The steam cleaning device 10 comprises a floor head 18 which is coupled to the body 11 via an articulated joint 20. The articulated joint 20 allows movement of the floor head 18 in two degrees of freedom with respect to the body 11. This means that the body 11 can be tilted in a forwards and backwards direction with respect to the floor head 18 about a tilting axis 26. Furthermore the body 11 can be pivoted from side to side with respect to the floor head 18 about a pivoting axis 28. Optionally the articulated joint 20 comprises a locking mechanism (not shown) which locks the articulated joint. The locking mechanism comprises a catch and latch mechanism which releasably fixes the position of the body 11 with respect to the floor head 18. The locking mechanism locks the body 11 with respect to the floor head 18 when the steam cleaning device 10 is substantially in a vertical position.
The steam cleaning device 10 as shown in Figure 1 is in a substantially horizontal position or lying down position. In this case the body 11 has been tilted about the tilting axis 26 in the articulated joint 20 such that the base 22 of the floor head 18 is substantially parallel with a longitudinal axis A-A of the steam cleaning device 10. When the steam cleaning device 10 is in the horizontal position, the steam cleaning device 10 can be laid down on the floor. The floor head 18 and the a floor contact portion 24 of the housing 12 will be in contact with the floor in this position. This means that the user is able to lay the steam cleaning device 10 down when it is not in use. The steam cleaning device 10 is stable in the lying down position because the floor head 18 and the floor contact portion 24 prevent the steam cleaning device from rolling around.
As mentioned above, the floor head 18 is rotatably coupled to the body 11. In particular the floor head 18 is rotatable by a rotation of substantially 90 degrees about the tilting axis 26. Figure 2 shows a side view of the steam cleaning device 10 in a substantially vertical or upright position. In the upright position the steam cleaning device 10 can either be used for steam cleaning when the articulated joint 20 is unlocked or stored when not in use when the articulated joint 20 is locked.
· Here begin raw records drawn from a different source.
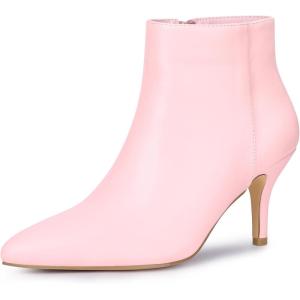 imageAllegra K Womens Pointed Toe Zipper Stiletto Heel Ankle BootsPink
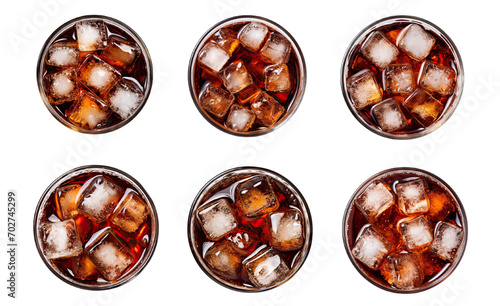 Collection of PNG. Coke in glass, top view or high angle shot Coca Cola with ice and drinking, isolated on a transparent background.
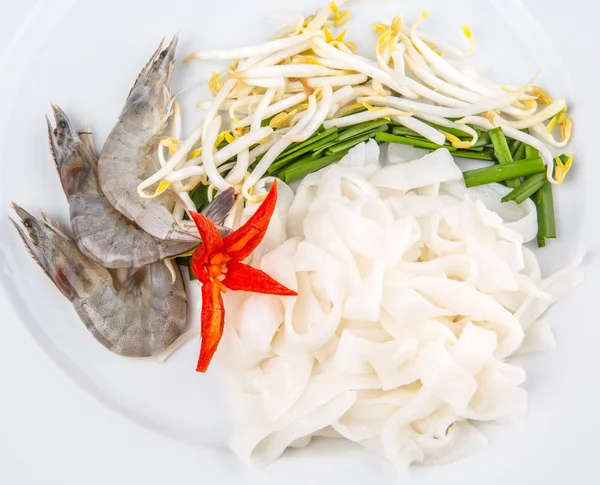 Fritto Char Kway Teow Ingredienti — Foto Stock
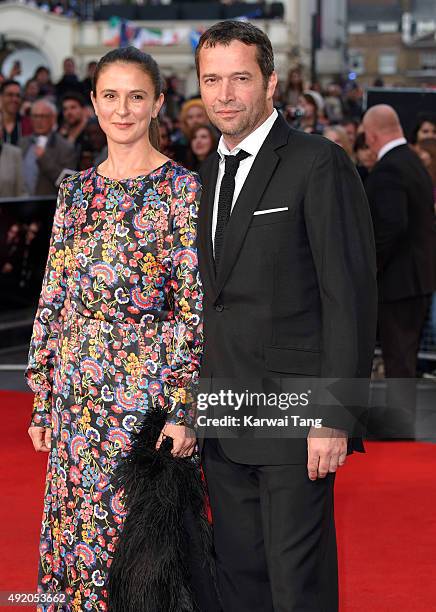 James Purefoy and Jessica Adams attend a screening of "High Rise" during the BFI London Film Festival at Odeon Leicester Square on October 9, 2015 in...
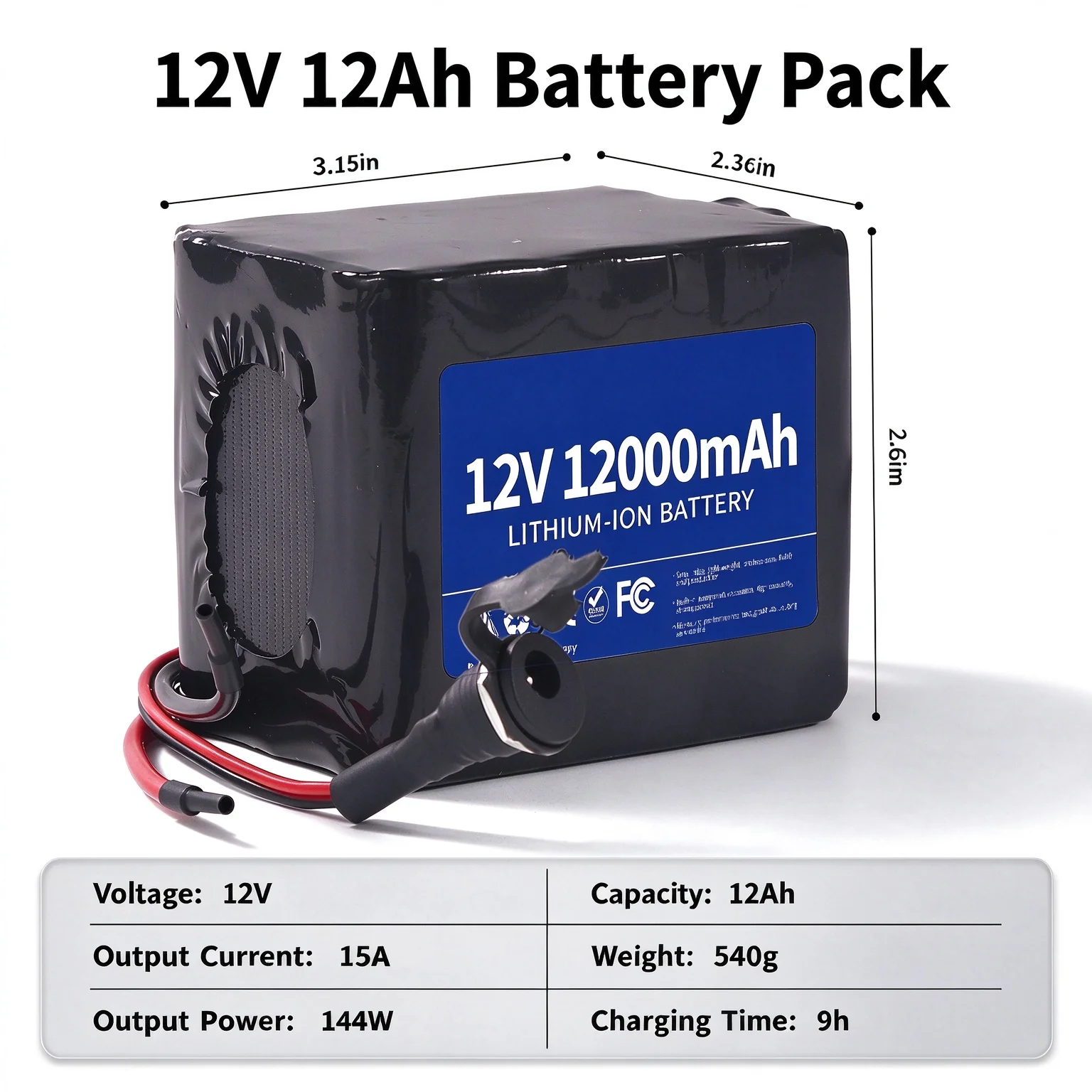 12V 12Ah 12000mAh Lithium Ion Battery Pack Built In BMS Rechargeable DC Power Supply With Charger For CCTV Camera LED Strip Light Electronic Piano DIY Projects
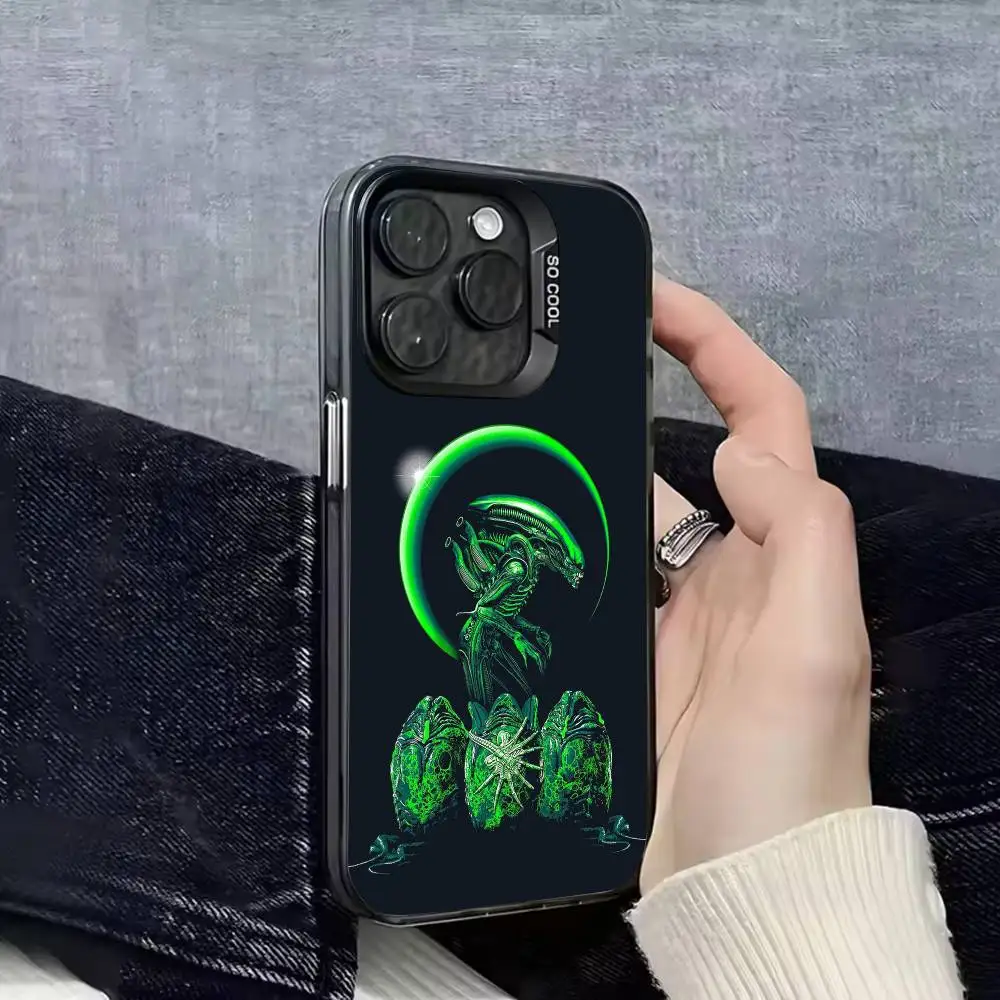 Cat A-Alien X-Xenomorph Phone Case For iPhone 17,16,15,14,13,12,11,Pro,Max,Plus,E,SE4,Air,Mini Black IMD Cover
It should be noted that the steam cleaning device 10 is normally used with the body 11 tilted to some degree with respect to the floor head 18.
When the steam cleaning device 10 is in the substantially vertical position, the base 22 of the floor head 18 is substantially perpendicular to the longitudinal axis A-A of the steam cleaning device 10. When the floor head 18 being locked in position with respect to the body 11 of the steam cleaning device 10, the base 22 of the floor head 18 provides a stable base for the steam cleaning device 10 and the steam cleaning device 10 remains upright.
In order to use the steam cleaning device, the user grips a handle 30 which is mounted to the body 11. The handle 30 extends along the longitudinal axis A-A of the steam cleaning device 10 as shown in Figure 1.
The internal structure of the steam cleaning device 10 will now be discussed in further detail in reference to Figure 3. Figure 3 shows a cross sectional side view of the steam cleaning device as shown in Figures 1 and 2. The housing 12 comprises a chamber 32 in which a steam generator or boiler 34 is mounted. In some embodiments the boiler 34 is mounted on ribs projecting from the wall creating the chamber 32. This will be discussed in further detail in reference to Figure 8.
The boiler 34 is substantially cylindrical in shape as shown in Figure 3, although the boiler 34 can be other shapes if desired. Advantageously the cylindrical shape provides one of the most efficient shapes for maximum volume to surface area ratio and transferring heat to create steam. The housing 12 is also substantially cylindrical and larger in diameter than the diameter of the boiler 34. An air flow conduit 44 is provided between the inner surface of the chamber 32 and the outer surface of the boiler 34. The air flow conduit 44 provides a volume within the steam cleaning device 10 where air can circulate. The circulation of air within the steam cleaning device will be discussed in further detail in relation to Figures 4 and 5 and Figures 6 and 7.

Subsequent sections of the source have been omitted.